Spin-polarized imaging of the antiferromagnetic structure and field-tunable bound states in kagome magnet FeSn

TL;DR

This study uses spin-polarized scanning tunneling microscopy to reveal the antiferromagnetic surface structure of FeSn, showing robust electronic states against magnetic fields but impurity-bound states that are field-tunable, advancing understanding of kagome magnets.

Contribution

First atomic-scale visualization of FeSn's layered antiferromagnetic structure and analysis of impurity-bound states, highlighting their field-tunability and magnetic coupling.

Findings

Atomic-scale antiferromagnetic surface structure revealed.

Electronic density-of-states is insensitive to external magnetic fields.

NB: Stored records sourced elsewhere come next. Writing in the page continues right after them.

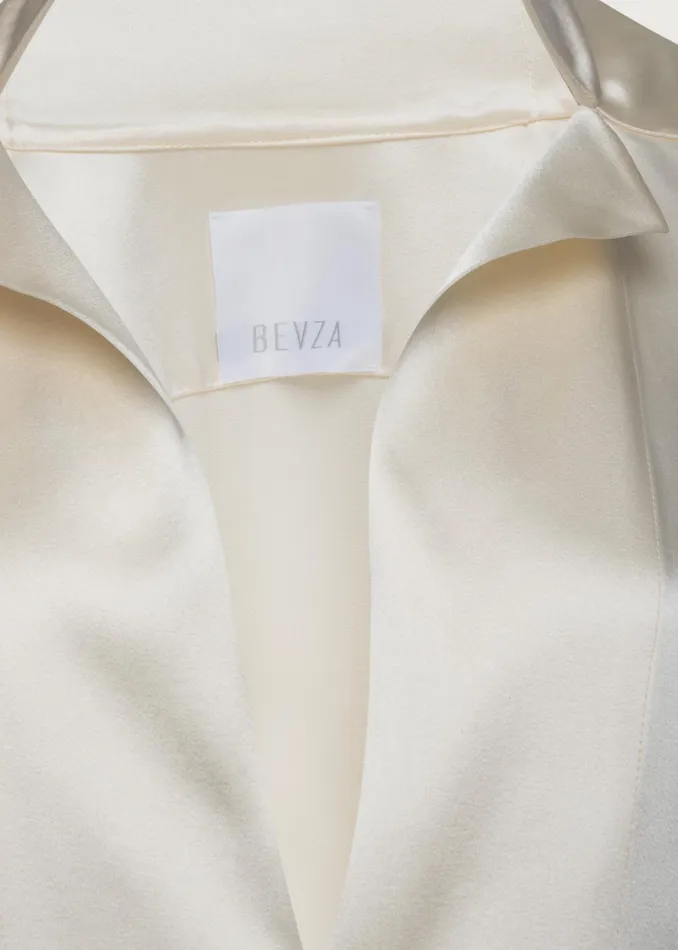 The Frankie Shop Tops Bevza StandCollar Blouse 8211 Vanilla 8211 Women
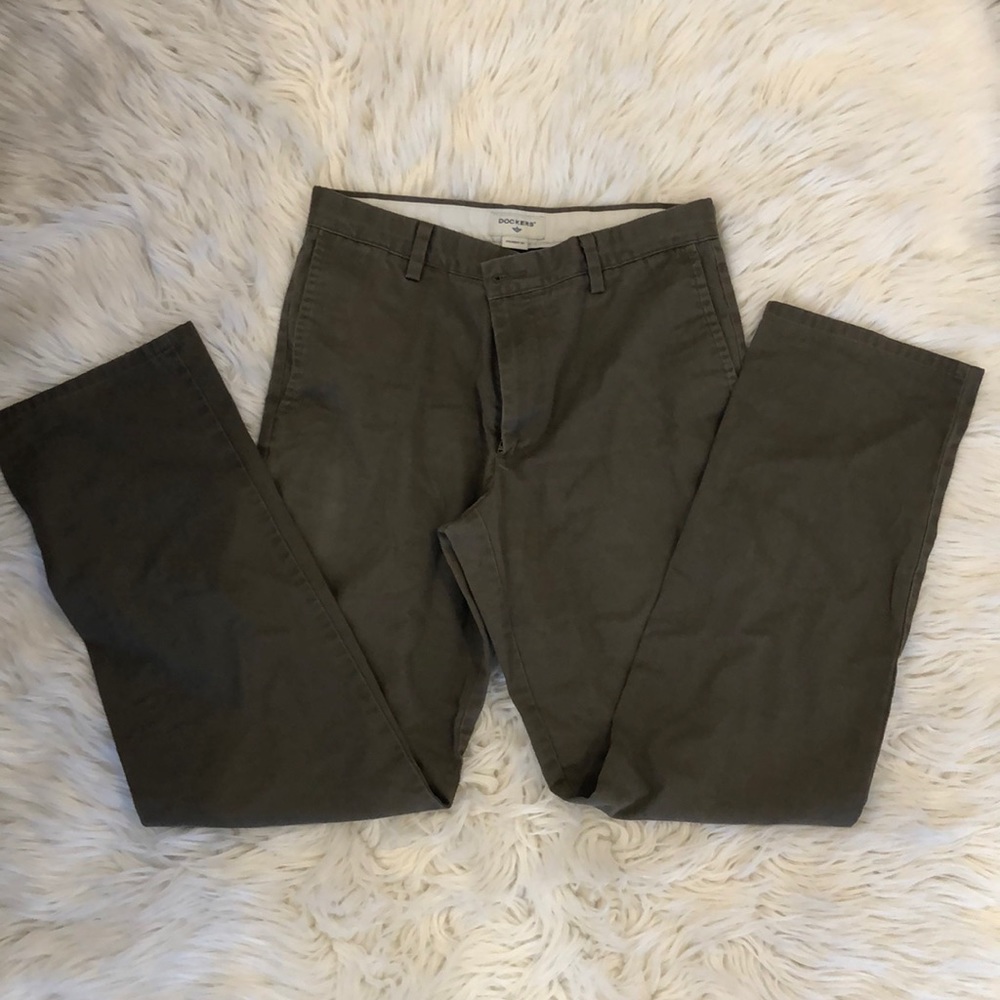 Dockers straight fit grey pants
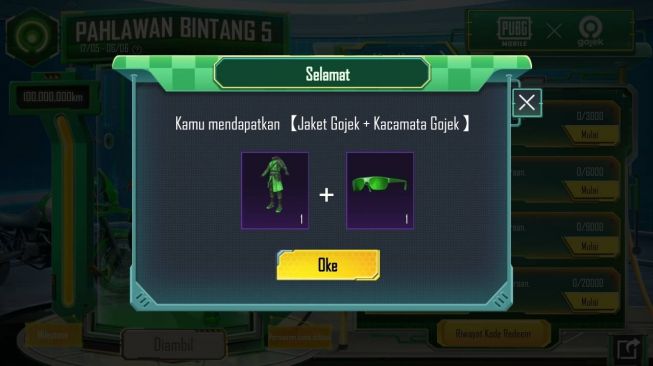 Skin PUBG Mobile x Gojek. [Gojek]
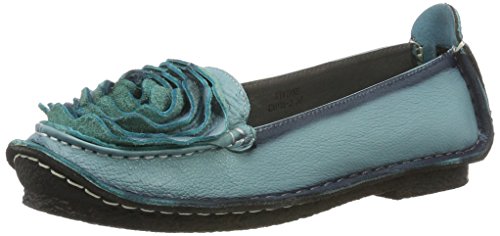 Laura Vita Damen VICVIANEO Geschlossene Ballerinas, Blau (Jeans Jeans) von Laura Vita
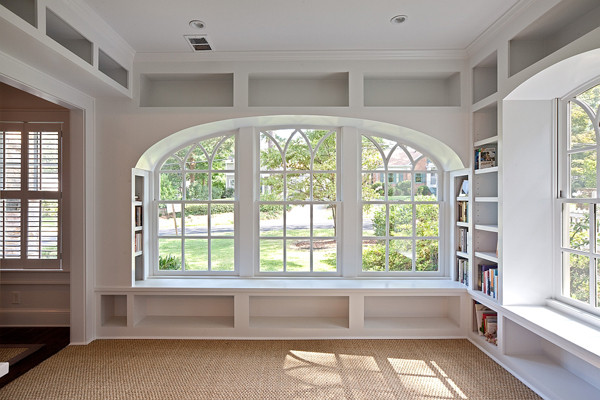 Under Window Bench With Storage
 Under Window Bookcase fers Extra Book Storage – HomesFeed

Impurity-bound states exhibit strong coupling to magnetic fields.

Abstract

Kagome metals are as an exciting playground for the explorations of novel phenomena at the intersection of topology, electron correlations and magnetism. The family of FeSn-based kagome magnets in particular attracted a lot of attention for simplicity of the layered crystal structure and tunable topological electronic band structure. Despite a significant progress in understanding their bulk properties, surface electronic and magnetic structures are yet to be fully explored in many of these systems. In this work, we focus on a prototypical kagome metal FeSn. Using a combination of spin-averaged and spin-polarized scanning tunneling microscopy, we provide the first atomic-scale visualization of the layered antiferromagnetic structure at the surface of FeSn. In contrast to the field-tunable electronic structure of cousin material Fe3Sn2 that is a ferromagnet, we find that electronic density-of-states of FeSn is robust to the application of external magnetic field. Interestingly, despite the field-insensitive electronic band structure, FeSn exhibits bounds states tied to specific impurities with large effective moments that strongly couple to the magnetic field. Our experiments provide microscopic insights necessary for theoretical modeling of FeSn and serve as a spring board for spin-polarized measurements of topological magnets in general.